Fewer than 10% of Americans are convinced Young Earth creationists, new study shows

Fewer than 10% of Americans are convinced Young Earth creationists, new study shows December 17, 2014

Mike edits Jesus & Dawkins, a blog that looks at the intersection of Christianity, science, and atheism. We asked him to highlight the biggest insights from the recent National Study of Religion & Human Origins (NSRHO). The study, funded by The BioLogos Foundation and conducted by Calvin College sociology professor Jonathan P. Hill, has created waves. All citations from the NSRHO report are parenthetical in the text below.

Photo: AMY WATTS/FLICKR (CC BY-SA 2.0)
Photo: AMY WATTS/FLICKR (CC BY-SA 2.0)

1. Many people are less certain about their view of human origins than you might think — less than 10 percent of Americans are convinced Young Earth creationists.

For decades, Gallup and other polling organizations have given folks three views of human origins to choose from: God guided evolution, God had no part in evolution, and God created humans in their current form 10,000 years ago.

According to the most recent Gallup poll on this issue, 31 percent think God used evolution, 19 percent think God was absent from evolution, and a whopping 42 percent think God created humans in the past 10,000 years. This seems pretty clear, right?

Wrong. The National Study of Religion & Human Origins (NSRHO) offers a strong retort to these numbers, pulling a Dikembe Mutumbo: “No, no, no … not in my house!”

In the NSRHO, over 3,000 American adults were asked numerous questions about human origins and if they’re unsure about their views. The study defined a creationist as someone who denies evolution and believes God created humans, and it found that many people are uncertain about their views:

The NSRHO finds that 37 percent of the population can be considered creationists, 16 percent can be considered theistic evolutionists, and nine percent can be considered atheistic evolutionists. This leaves 39 percent of the population as unsure or holding uncommon views (such as believing humans did not evolve from earlier species while simultaneously believing that God had nothing to do with the emergence of humans). If we adopt more restrictive definitions, these numbers begin to shrink further (10, emphasis added).

Adopting more restrictive definitions yields surprising data about Young Earth creationism. Only 8 percent of respondents affirmed YEC views with certainty (8)! These views are that God created Adam and Eve “directly and miraculously,” the days of creation are literal, and that all humans descended from Adam and Eve.

This kind of sophisticated polling is needed since many misread the simplistic Gallup information.

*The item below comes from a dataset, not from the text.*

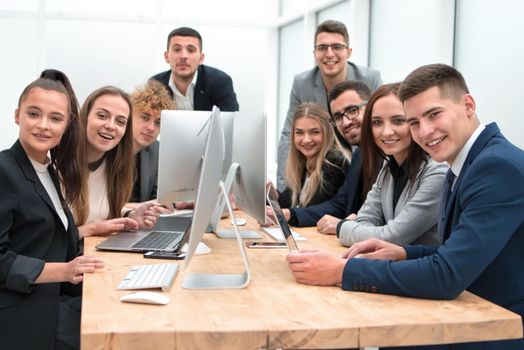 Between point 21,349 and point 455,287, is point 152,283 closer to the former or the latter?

It’s easy to see that around 40 percent of Americans believe God created humans in the past 10,000 years, and then wrongly assume that all of these people also believe the earth is young. Watch Richard Dawkins, for example, make this mistake. Many people are unsure of their views, and some Old Earth creationists believe God created humans 10,000 years ago.

2. Addressing creationist social networks, not science education, is the key to popularizing evolution.

91 percent of creationists didn’t change their views after learning about evolution, 61 percent think scientists agree that evolution “is the best explanation for human origins,” and almost half of creationists think evolution is factual (29). (Virtually all scientists accept evolution.)

Why do so many creationists consider evolution factual and the scientific community united on the issue, but still reject it? In the words of Batman in The Dark Knight Rises“They know, they just don’t care.” For creationists, staunch commitment to a particular interpretation of the Bible and Christianity trumps scientific consensus: “[Creationists] view acceptance of evolution as having dire religious consequences” (13). The NSRHO report explains that social networks affect creationists more than theistic and atheistic evolutionists:

Creationists are more likely to be in congregations with a settled anti-evolution position, more likely to hear about this from the pulpit (although not more likely to informally talk about this with congregants), and more likely to experience social pressure from other members and religious leaders to keep their current beliefs (25).

For many creationists, this social context provides an effective counterargument to scientific consensus.The NSRHO report concludes with advice for spreading the idea that God and evolution aren’t mutually exclusive:

For those invested in the position that human evolution is compatible with orthodox Christian faith, the findings from the NSRHO tell us that persuasion needs to move beyond a purely intellectual level. Ideas are important, but ideas only persuade when individuals are in a social position that allows them to seriously consider what is before them. … a two-pronged strategy — one that attends simultaneously to sociological and theological factors — will make the most inroads in the end (40).

A great example of this approach is The BioLogos Foundation’s Southern Baptist Voices series. BioLogos, a Christian organization that advocates the harmony of biblical faith and modern science, engaged creationist Southern Baptist leaders in a thoughtful dialogue. In addition to exploring theological concerns about evolution and Christianity, this kind of cordial exchange introduces creationists to pastors, leaders, and friends who accept evolution. The way forward is expanding creationist social networks to include people who love Jesus and accept evolution.